In a recent CNN article Bruce Schneier, security technologist and author, argues that “the internet Is A Surveillance State”.
He claims that:
“our surveillance state is efficient beyond the wildest dreams of George Orwell”
“this isn’t something the free market can fix. We consumers have no choice in the matter. All the major companies that provide us with Internet services are interested in tracking us.”
“In today’s world, governments and corporations are working together to keep things that way. Governments are happy to use the data corporations collect — occasionally demanding that they collect more and save it longer — to spy on us. And corporations are happy to buy data from governments.”
Bruce Schneier correctly identifies the danger and immorality of governments being able to force private enterprises to hand over data they have on individuals, but I would argue that the term ‘surveillance state’, as most people understand it, cannot be applied to the Internet and to entities like Google and facebook.
If the Internet’s a surveillance state, then it’s a rather odd one because it doesn’t seek to prevent certain behaviors or to punish me. It’s also a rather impotent one because it has no power over me; it can’t use force against me to prevent me from taking certain actions or to punish me for actions I have taken. No armed men are going to turn up at my house, take me away and lock me in a prison cell for not doing something Google or facebook wanted me to do. Unlike governments, of course, who routinely lock people up for not paying taxes or smoking the wrong kind of plant.
Sure facebook, Google et al have a tonne of information about what I do on the Internet, what I like and what I search for, but for as long as my interactions with them remain voluntary it’s really not a big deal. The day Google and facebook start threatening me with violence for not clicking on their ads is the day I get worried.

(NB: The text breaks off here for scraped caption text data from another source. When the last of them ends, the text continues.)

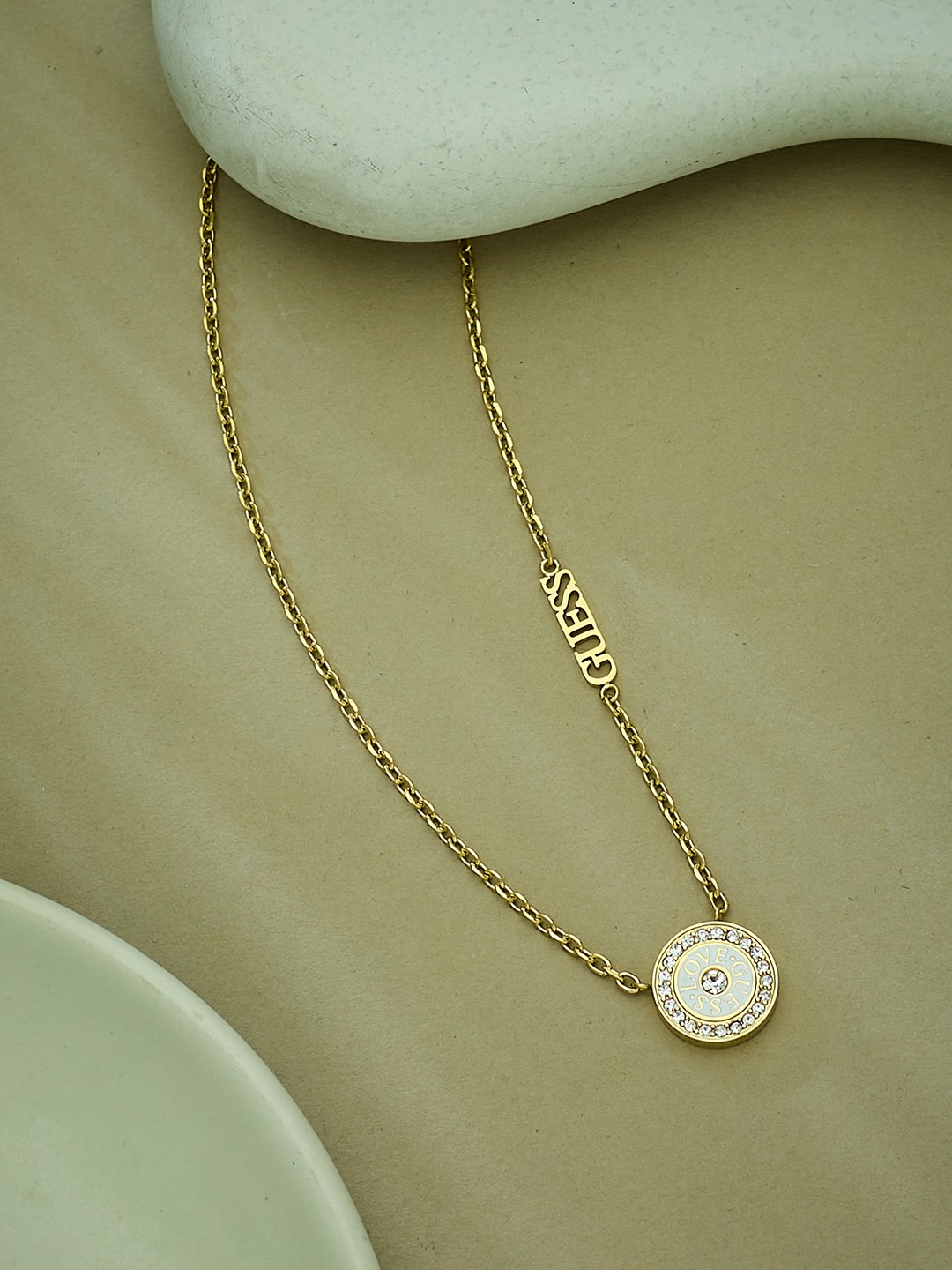 Guess Women Stainless Steel Crystal Love Necklace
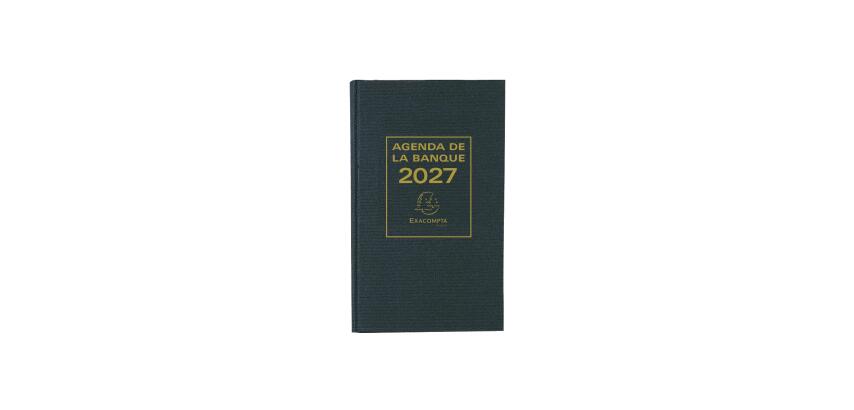 Agenda de bureau Banquier large Euro et cents 17,5 x 28 cm Journalier 2 volumes 2027 - Noir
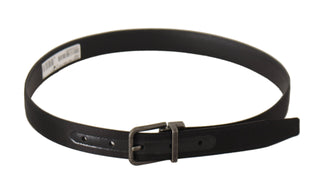 Elegant Black Leather Belt With Metal Buckle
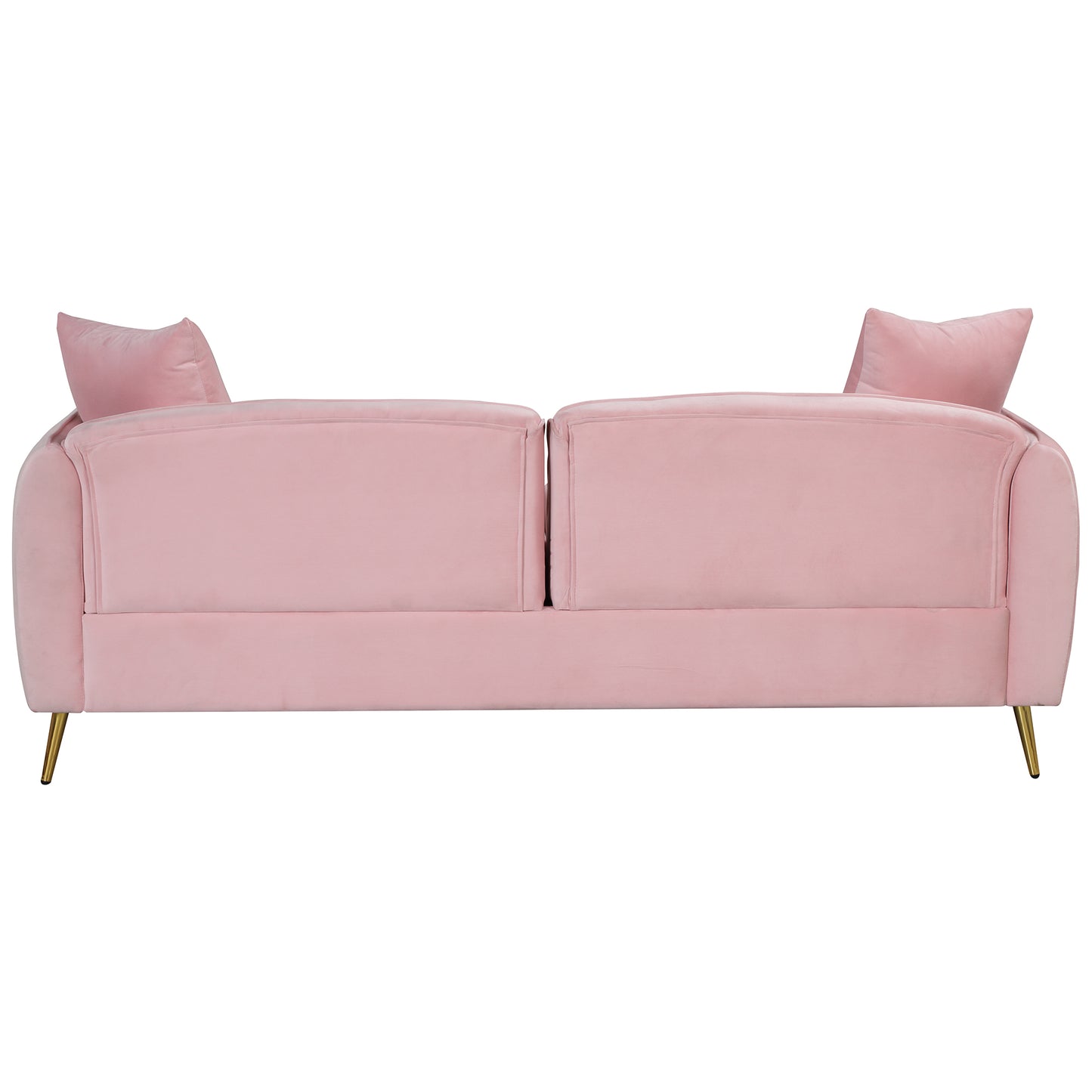 Velvet Upholstered Sofa with Armrest Pockets and 2 Pillows, Pink, 3-Seat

I’ve been surfing the web for over a decade. No doubt many thousands (perhaps even millions) of companies have information about my activities on the web, but I really can’t think of any significant negative impacts this has had on my life. Not a single thing. All anyone’s tried to do is sell me stuff. Well, ads can be irksome on websites, but, hey, that’s why someone created ad-blocker. Works a treat. The free market came up with a solution for those who wish to view web pages without ads. Job done.
We really don’t need to worry about Google and facebook because our interactions with them are voluntary. Sure, they seem to have a presence all over the web at the moment but that’s just the way it is right now. And most people seem to be okay with that. When the day comes when most people aren’t, for whatever reasons, then things will inevitably change. Google and facebook are making a tonne of money because a huge number of people value what they do. It’s as simple as that.

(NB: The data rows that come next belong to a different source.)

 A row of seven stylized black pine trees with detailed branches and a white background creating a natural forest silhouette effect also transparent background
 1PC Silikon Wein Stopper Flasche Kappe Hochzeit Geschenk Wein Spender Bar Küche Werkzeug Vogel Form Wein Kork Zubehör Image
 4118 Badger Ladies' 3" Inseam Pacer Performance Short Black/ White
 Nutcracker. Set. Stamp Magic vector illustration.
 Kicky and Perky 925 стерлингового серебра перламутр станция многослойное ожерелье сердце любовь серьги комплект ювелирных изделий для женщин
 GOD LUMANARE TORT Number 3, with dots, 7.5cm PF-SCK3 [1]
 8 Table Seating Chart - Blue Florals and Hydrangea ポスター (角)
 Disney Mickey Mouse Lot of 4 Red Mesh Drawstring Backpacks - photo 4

The people we really need to worry about are the one’s whom our interactions with aren’t voluntary. Governments. And it’s government surveillance states that George Orwell was positing. A Orwellian surveillance state watches you and controls you in order to make you comply with the ideology of those in power. Those watching and controlling you wish to erase you as an individual and overwrite you with their ideology in the belief that this will make the world a better place. Those in power judge you in accordance with their ideology and deem that you need correcting.

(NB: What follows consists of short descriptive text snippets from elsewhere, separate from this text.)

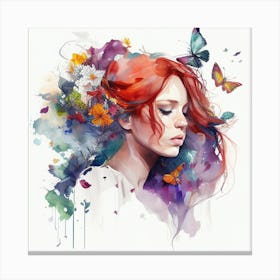 Watercolor Floral Red Hair Woman #1 Canvas Print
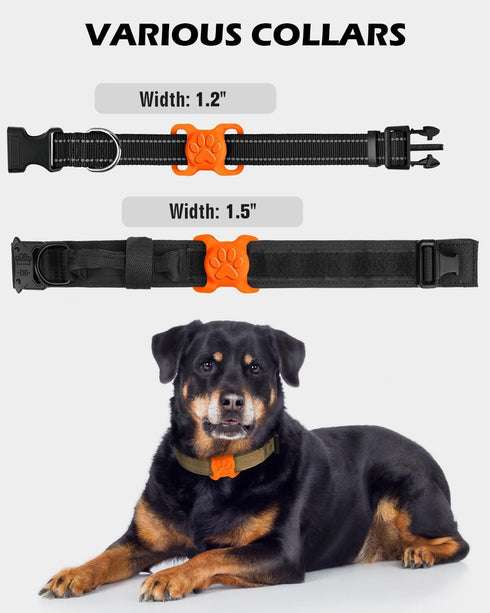 Dynmeow Airtag Dog Collar Holder, Stretchy Silicone for Medium and Large Dogs, Anti-Lost Compatible with 1.2 and 1.5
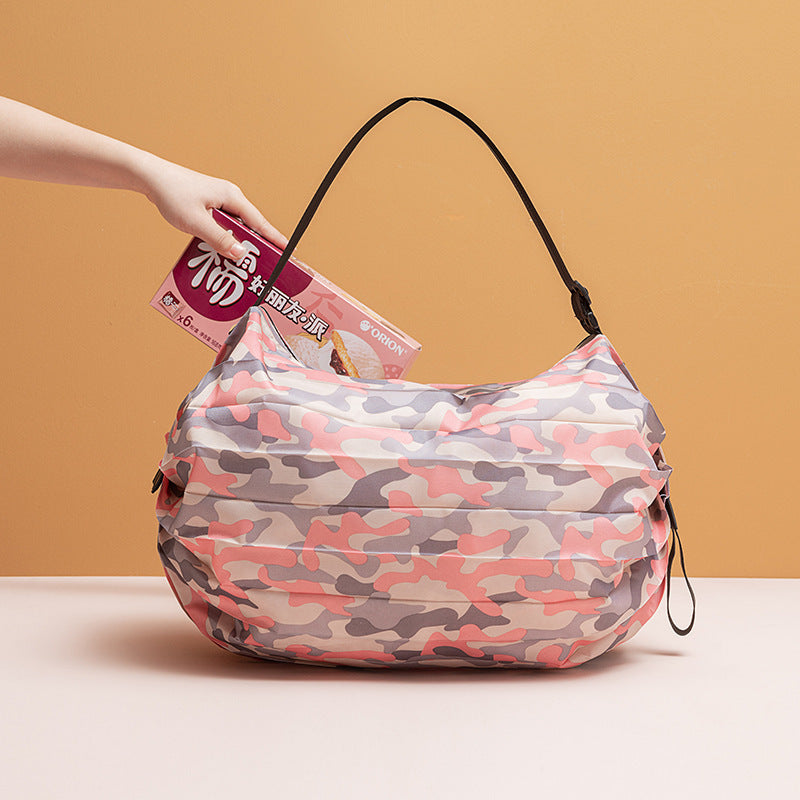 Foldable Large Capacity Shopping Bag One Shoulder Portable Environmental Protection Travel Thick Fashion Shopping Bag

Google and facebook, unlike governments, don’t track you in order to change you, punish you, steal from you or force you to behave in a certain way. Quite the opposite in fact, they aim only to decipher what things you like or need so businesses who have got products or services that match your tastes/needs can put their ads in front of your eyes when you’re surfing the web – and therefore Google and facebook can make money. Not particularly scary, perhaps just very slightly inconvenient or annoying sometimes, heck, sometimes even useful – and all those who strongly object can simply walk away from Google and facebook. There are search engines that allow you to search anonymously, there are tools that block tracking cookies, there are even tools that will disguise your IP address; and they’re all free. All those who strongly object to facebook’s terms of service can simply abstain from using their product.
We need only worry about those groups of people who are tracking us for the purpose of locking us up or stealing from us for not complying with their rules (i.e. governments) and not those whose benign goal is to place adverts in front of our eyes.